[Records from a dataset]
------------------------------------------------------------------------
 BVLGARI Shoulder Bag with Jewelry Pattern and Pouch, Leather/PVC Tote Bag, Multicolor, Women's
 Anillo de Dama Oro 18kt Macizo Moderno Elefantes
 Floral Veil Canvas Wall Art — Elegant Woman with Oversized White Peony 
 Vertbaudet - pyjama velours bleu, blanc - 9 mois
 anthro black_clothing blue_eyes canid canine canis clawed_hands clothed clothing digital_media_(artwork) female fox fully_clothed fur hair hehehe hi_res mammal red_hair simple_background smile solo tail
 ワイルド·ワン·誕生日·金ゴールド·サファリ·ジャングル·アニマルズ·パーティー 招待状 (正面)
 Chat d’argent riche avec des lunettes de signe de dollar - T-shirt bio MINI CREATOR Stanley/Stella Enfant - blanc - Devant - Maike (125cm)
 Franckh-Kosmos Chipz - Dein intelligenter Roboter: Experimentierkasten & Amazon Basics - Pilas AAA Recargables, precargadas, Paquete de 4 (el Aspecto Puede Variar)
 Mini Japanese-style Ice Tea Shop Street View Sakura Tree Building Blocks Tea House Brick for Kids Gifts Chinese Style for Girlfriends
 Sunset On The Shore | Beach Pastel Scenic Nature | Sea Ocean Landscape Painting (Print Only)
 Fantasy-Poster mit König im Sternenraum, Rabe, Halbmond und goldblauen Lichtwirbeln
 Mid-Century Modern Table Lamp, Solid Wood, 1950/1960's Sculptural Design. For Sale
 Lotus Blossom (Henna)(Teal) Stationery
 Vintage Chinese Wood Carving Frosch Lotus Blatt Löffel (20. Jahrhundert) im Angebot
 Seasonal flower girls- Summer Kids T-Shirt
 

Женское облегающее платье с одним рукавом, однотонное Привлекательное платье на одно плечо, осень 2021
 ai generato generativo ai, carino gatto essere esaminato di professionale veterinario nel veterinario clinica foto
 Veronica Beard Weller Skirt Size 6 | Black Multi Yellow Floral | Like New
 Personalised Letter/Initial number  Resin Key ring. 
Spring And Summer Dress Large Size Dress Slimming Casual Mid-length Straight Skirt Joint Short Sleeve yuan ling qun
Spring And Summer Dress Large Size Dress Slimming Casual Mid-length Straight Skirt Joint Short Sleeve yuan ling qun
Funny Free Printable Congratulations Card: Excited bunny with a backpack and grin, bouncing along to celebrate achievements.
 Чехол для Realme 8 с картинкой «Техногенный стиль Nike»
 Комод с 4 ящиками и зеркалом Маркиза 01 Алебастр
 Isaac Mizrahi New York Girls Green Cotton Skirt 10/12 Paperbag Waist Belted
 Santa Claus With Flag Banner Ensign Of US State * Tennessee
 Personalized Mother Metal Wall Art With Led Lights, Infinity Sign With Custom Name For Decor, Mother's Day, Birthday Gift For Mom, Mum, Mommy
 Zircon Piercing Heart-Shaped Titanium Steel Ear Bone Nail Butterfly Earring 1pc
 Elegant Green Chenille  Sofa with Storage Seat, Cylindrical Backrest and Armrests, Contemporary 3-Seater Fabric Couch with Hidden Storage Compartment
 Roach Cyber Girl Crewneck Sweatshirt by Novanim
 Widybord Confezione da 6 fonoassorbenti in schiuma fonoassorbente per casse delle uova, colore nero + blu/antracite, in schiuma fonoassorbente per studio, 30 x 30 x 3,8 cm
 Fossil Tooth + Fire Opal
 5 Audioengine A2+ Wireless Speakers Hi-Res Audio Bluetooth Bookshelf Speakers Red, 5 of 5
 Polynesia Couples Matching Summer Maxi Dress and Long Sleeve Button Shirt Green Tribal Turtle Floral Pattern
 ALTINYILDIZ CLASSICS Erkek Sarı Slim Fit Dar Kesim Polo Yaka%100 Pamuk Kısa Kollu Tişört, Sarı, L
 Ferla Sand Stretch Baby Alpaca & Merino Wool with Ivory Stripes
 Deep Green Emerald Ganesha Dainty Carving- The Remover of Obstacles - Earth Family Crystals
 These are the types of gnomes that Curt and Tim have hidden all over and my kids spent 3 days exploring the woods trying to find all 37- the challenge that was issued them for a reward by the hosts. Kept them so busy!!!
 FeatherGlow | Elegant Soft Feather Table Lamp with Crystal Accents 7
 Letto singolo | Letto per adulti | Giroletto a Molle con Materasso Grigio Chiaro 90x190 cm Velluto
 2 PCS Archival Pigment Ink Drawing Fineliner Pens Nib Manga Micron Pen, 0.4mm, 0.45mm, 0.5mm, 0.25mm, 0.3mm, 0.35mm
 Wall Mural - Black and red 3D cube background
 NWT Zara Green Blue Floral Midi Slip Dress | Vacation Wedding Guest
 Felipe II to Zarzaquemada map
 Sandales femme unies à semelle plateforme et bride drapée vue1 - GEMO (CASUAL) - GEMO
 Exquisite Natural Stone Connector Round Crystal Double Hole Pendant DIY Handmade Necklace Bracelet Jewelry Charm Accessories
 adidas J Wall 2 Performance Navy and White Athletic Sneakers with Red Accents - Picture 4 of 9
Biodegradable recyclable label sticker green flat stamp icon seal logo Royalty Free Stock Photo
------------------------------------------------------------------------
**EXERCISE REQUIREMENTS**
Copy out each line of the records character for character.

**TASK RESPONSE**
 BVLGARI Shoulder Bag with Jewelry Pattern and Pouch, Leather/PVC Tote Bag, Multicolor, Women's
 Anillo de Dama Oro 18kt Macizo Moderno Elefantes
 Floral Veil Canvas Wall Art — Elegant Woman with Oversized White Peony 
 Vertbaudet - pyjama velours bleu, blanc - 9 mois
 anthro black_clothing blue_eyes canid canine canis clawed_hands clothed clothing digital_media_(artwork) female fox fully_clothed fur hair hehehe hi_res mammal red_hair simple_background smile solo tail
 ワイルド·ワン·誕生日·金ゴールド·サファリ·ジャングル·アニマルズ·パーティー 招待状 (正面)
 Chat d’argent riche avec des lunettes de signe de dollar - T-shirt bio MINI CREATOR Stanley/Stella Enfant - blanc - Devant - Maike (125cm)
 Franckh-Kosmos Chipz - Dein intelligenter Roboter: Experimentierkasten & Amazon Basics - Pilas AAA Recargables, precargadas, Paquete de 4 (el Aspecto Puede Variar)
 Mini Japanese-style Ice Tea Shop Street View Sakura Tree Building Blocks Tea House Brick for Kids Gifts Chinese Style for Girlfriends
 Sunset On The Shore | Beach Pastel Scenic Nature | Sea Ocean Landscape Painting (Print Only)
 Fantasy-Poster mit König im Sternenraum, Rabe, Halbmond und goldblauen Lichtwirbeln
 Mid-Century Modern Table Lamp, Solid Wood, 1950/1960's Sculptural Design. For Sale
 Lotus Blossom (Henna)(Teal) Stationery
 Vintage Chinese Wood Carving Frosch Lotus Blatt Löffel (20. Jahrhundert) im Angebot
 Seasonal flower girls- Summer Kids T-Shirt
 

Женское облегающее платье с одним рукавом, однотонное Привлекательное платье на одно плечо, осень 2021
 ai generato generativo ai, carino gatto essere esaminato di professionale veterinario nel veterinario clinica foto
 Veronica Beard Weller Skirt Size 6 | Black Multi Yellow Floral | Like New
 Personalised Letter/Initial number  Resin Key ring. 
Spring And Summer Dress Large Size Dress Slimming Casual Mid-length Straight Skirt Joint Short Sleeve yuan ling qun
Spring And Summer Dress Large Size Dress Slimming Casual Mid-length Straight Skirt Joint Short Sleeve yuan ling qun
Funny Free Printable Congratulations Card: Excited bunny with a backpack and grin, bouncing along to celebrate achievements.
 Чехол для Realme 8 с картинкой «Техногенный стиль Nike»
 Комод с 4 ящиками и зеркалом Маркиза 01 Алебастр
 Isaac Mizrahi New York Girls Green Cotton Skirt 10/12 Paperbag Waist Belted
 Santa Claus With Flag Banner Ensign Of US State * Tennessee
 Personalized Mother Metal Wall Art With Led Lights, Infinity Sign With Custom Name For Decor, Mother's Day, Birthday Gift For Mom, Mum, Mommy
 Zircon Piercing Heart-Shaped Titanium Steel Ear Bone Nail Butterfly Earring 1pc
 Elegant Green Chenille  Sofa with Storage Seat, Cylindrical Backrest and Armrests, Contemporary 3-Seater Fabric Couch with Hidden Storage Compartment
 Roach Cyber Girl Crewneck Sweatshirt by Novanim
 Widybord Confezione da 6 fonoassorbenti in schiuma fonoassorbente per casse delle uova, colore nero + blu/antracite, in schiuma fonoassorbente per studio, 30 x 30 x 3,8 cm
 Fossil Tooth + Fire Opal
 5 Audioengine A2+ Wireless Speakers Hi-Res Audio Bluetooth Bookshelf Speakers Red, 5 of 5
 Polynesia Couples Matching Summer Maxi Dress and Long Sleeve Button Shirt Green Tribal Turtle Floral Pattern
 ALTINYILDIZ CLASSICS Erkek Sarı Slim Fit Dar Kesim Polo Yaka%100 Pamuk Kısa Kollu Tişört, Sarı, L
 Ferla Sand Stretch Baby Alpaca & Merino Wool with Ivory Stripes
 Deep Green Emerald Ganesha Dainty Carving- The Remover of Obstacles - Earth Family Crystals
 These are the types of gnomes that Curt and Tim have hidden all over and my kids spent 3 days exploring the woods trying to find all 37- the challenge that was issued them for a reward by the hosts. Kept them so busy!!!
 FeatherGlow | Elegant Soft Feather Table Lamp with Crystal Accents 7
 Letto singolo | Letto per adulti | Giroletto a Molle con Materasso Grigio Chiaro 90x190 cm Velluto
 2 PCS Archival Pigment Ink Drawing Fineliner Pens Nib Manga Micron Pen, 0.4mm, 0.45mm, 0.5mm, 0.25mm, 0.3mm, 0.35mm
 Wall Mural - Black and red 3D cube background
 NWT Zara Green Blue Floral Midi Slip Dress | Vacation Wedding Guest
 Felipe II to Zarzaquemada map
 Sandales femme unies à semelle plateforme et bride drapée vue1 - GEMO (CASUAL) - GEMO
 Exquisite Natural Stone Connector Round Crystal Double Hole Pendant DIY Handmade Necklace Bracelet Jewelry Charm Accessories
 adidas J Wall 2 Performance Navy and White Athletic Sneakers with Red Accents - Picture 4 of 9
Biodegradable recyclable label sticker green flat stamp icon seal logo Royalty Free Stock Photo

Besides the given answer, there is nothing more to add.